991.

And if you choose to say that it was the deluge which carried these shells away from the sea for hundreds of miles, this cannot have happened, since that deluge was caused by rain; because rain naturally forces the rivers to rush towards the sea with all the things they carry with them, and not to bear the dead things of the sea shores to the mountains. And if you choose to say that the deluge afterwards rose with its waters above the mountains, the movement of the sea must have been so sluggish in its rise against the currents of the rivers, that it could not have carried, floating upon it, things heavier than itself; and even if it had supported them, in its receding it would have left them strewn about, in various spots. But how are we to account for the corals which are found every day towards Monte Ferrato in Lombardy, with the holes of the worms in them, sticking to rocks left uncovered by the currents of rivers? These rocks are all covered with stocks and families of oysters, which as we know, never move, but always remain with one of their halves stuck to a rock, and the other they open to feed themselves on the animalcules that swim in the water, which, hoping to find good feeding ground, become the food of these shells. We do not find that the sand mixed with seaweed has been petrified, because the weed which was mingled with it has shrunk away, and this the Po shows us every day in the debris of its banks.

Other problems (992-994).

992.

Why do we find the bones of great fishes and oysters and corals and various other shells and sea-snails on the high summits of mountains by the sea, just as we find them in low seas?

993.

You now have to prove that the shells cannot have originated if not in salt water, almost all being of that sort; and that the shells in Lombardy are at four levels, and thus it is everywhere, having been made at various times.
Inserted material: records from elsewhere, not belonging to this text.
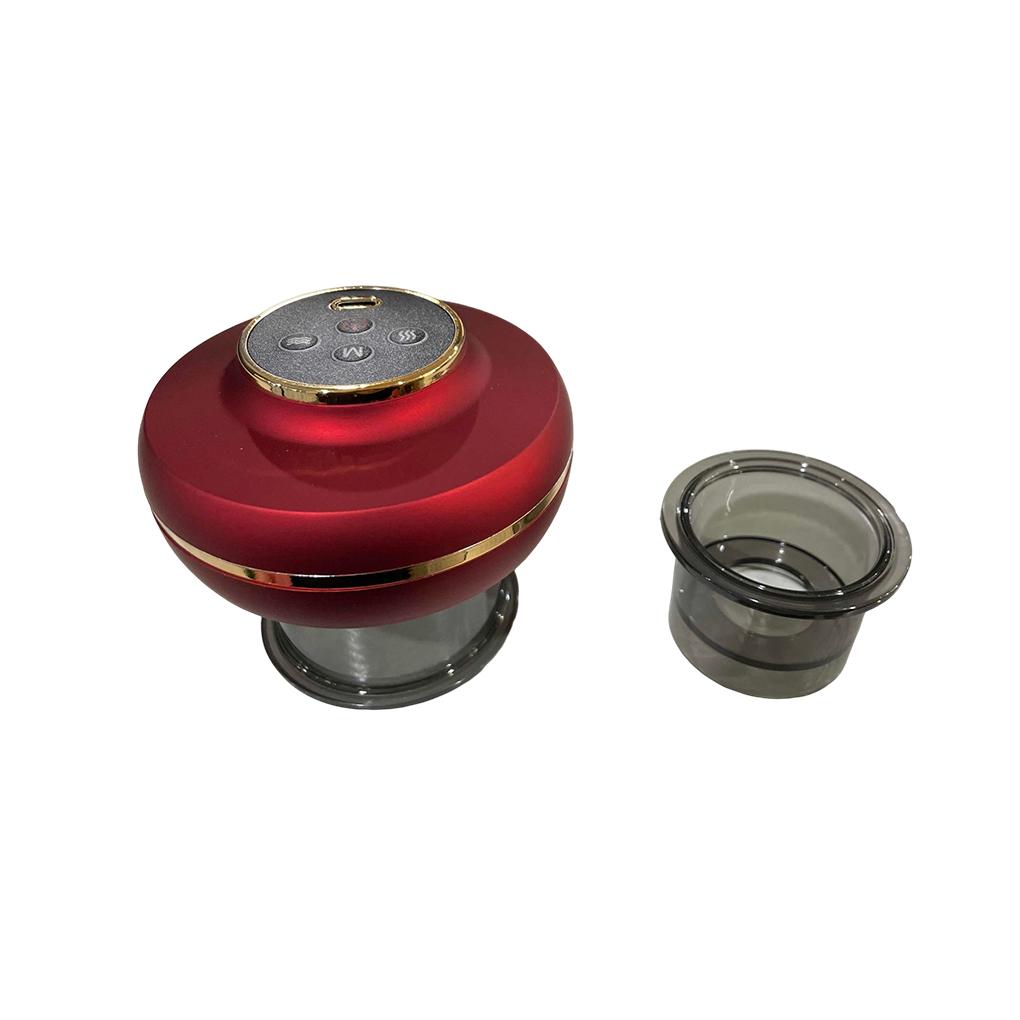 Электрический баночный массаж, скребковый массаж тела, ног, плеч, дорожный, школьный, ручной массажер, релаксация для женщин, девушек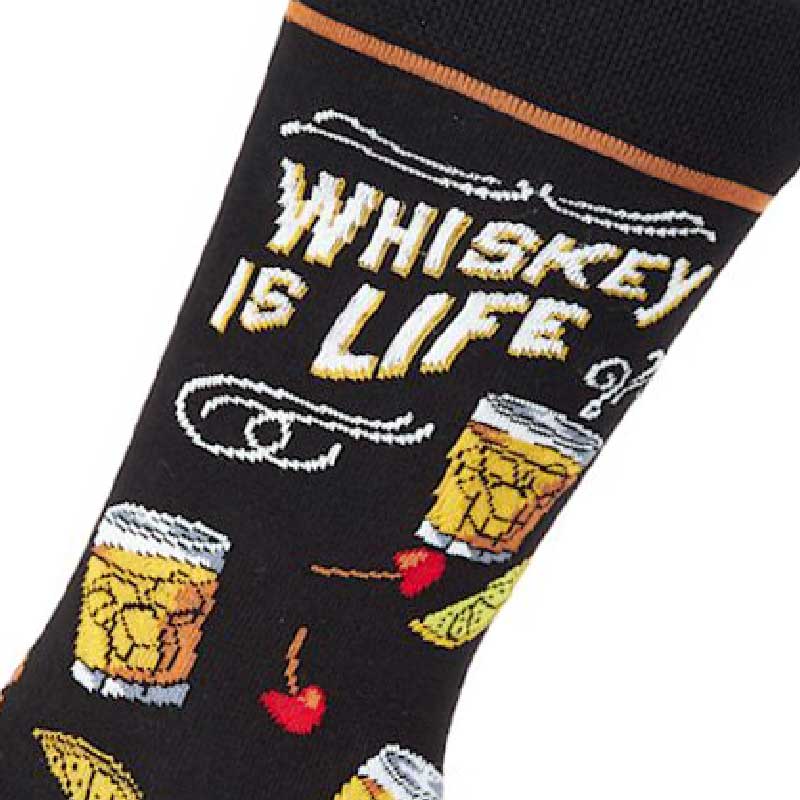 Whiskey is Life chaussettes pour lui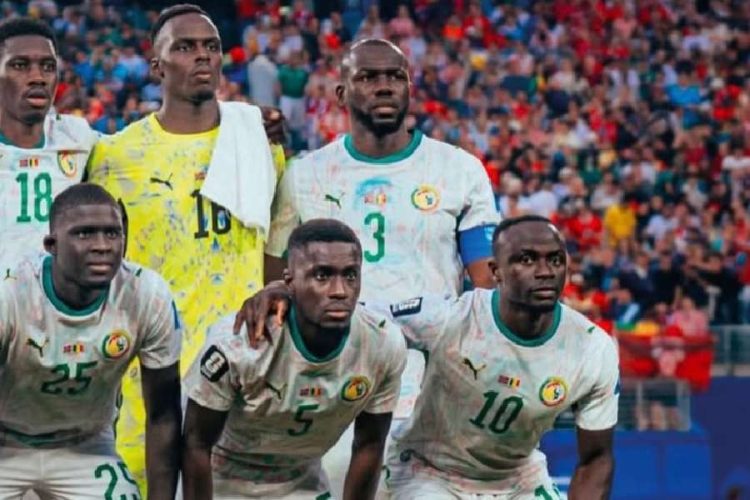 Lions de la Teranga
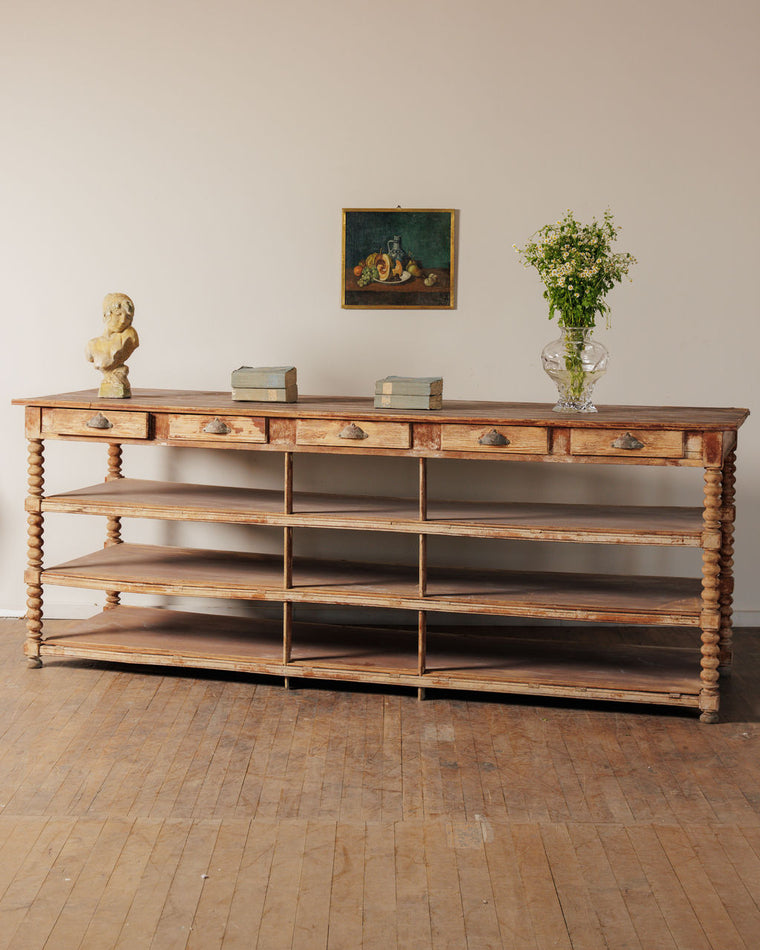 Lyon Silk Drapery Table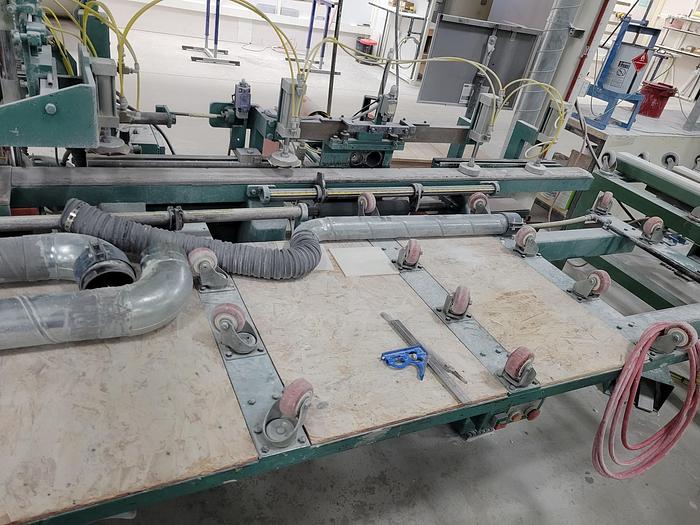 Used Kval 99B Mortise Machine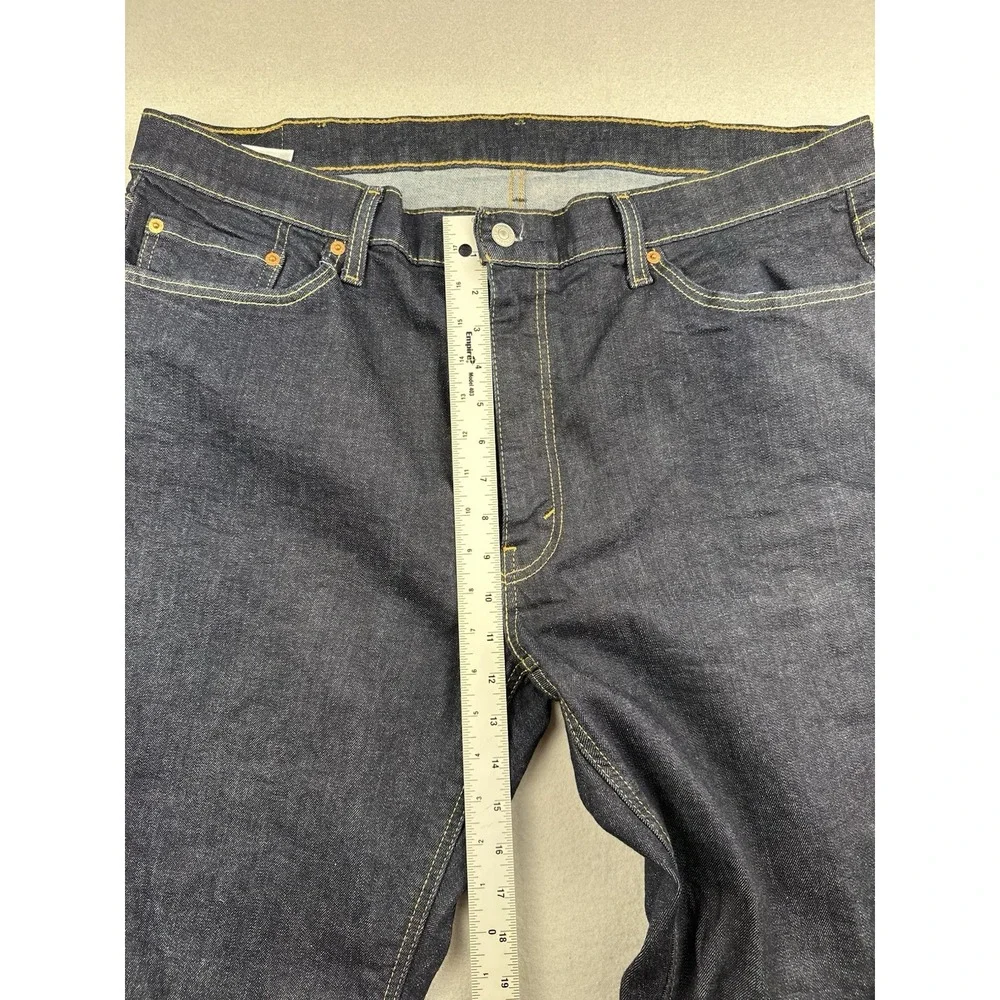 Levi's 541 Athletic Fit Jeans Dark Wash Denim Men's 40x32 Stretch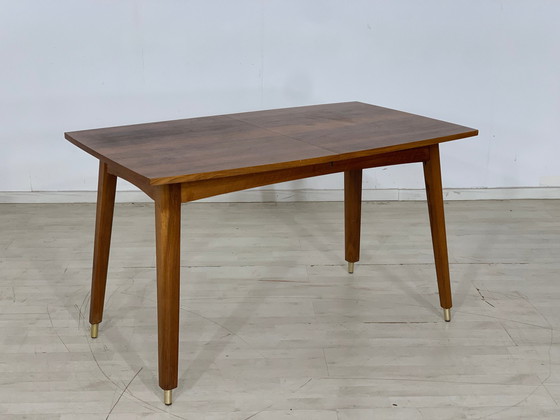 Image 1 of Mid - Century dining table dining table vintage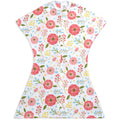 Zipadee-Zip Warm Fleece Baby Swaddle Medium - Pretty Poppy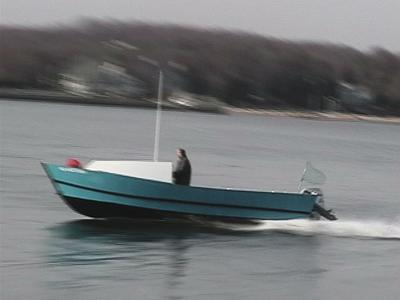 Tolman Skiff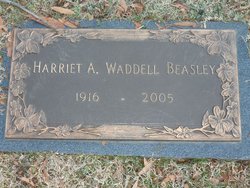 Harriet A. <I>Aplin</I> Waddell-Beasley 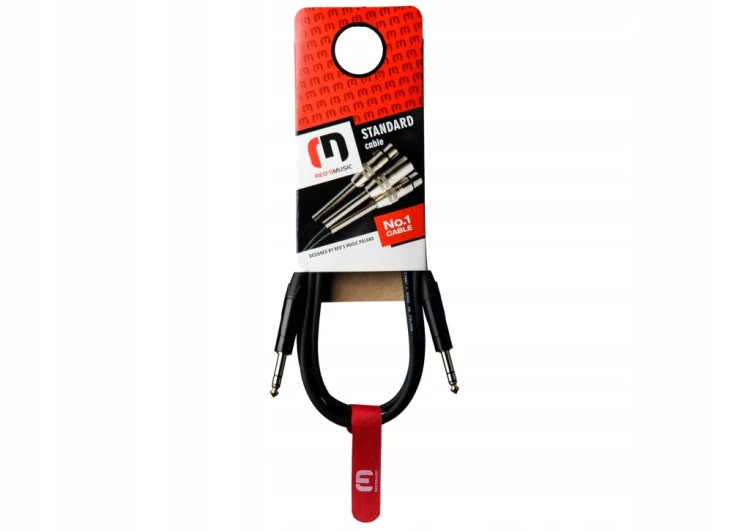 Kabel jack 6,3 mm - jack 6,3 mm Red's Music MC1630 3 m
And they all occur in valleys that open towards the seas.

994.

>From the two lines of shells we are forced to say that the earth indignantly submerged under the sea and so the first layer was made; and then the deluge made the second.

[Footnote: This note is in the early writing of about 1470—1480. On the same sheet are the passages No. 1217 and 1219. Compare also No. 1339. All the foregoing chapters are from Manuscripts of about 1510. This explains the want of connection and the contradiction between this and the foregoing texts.]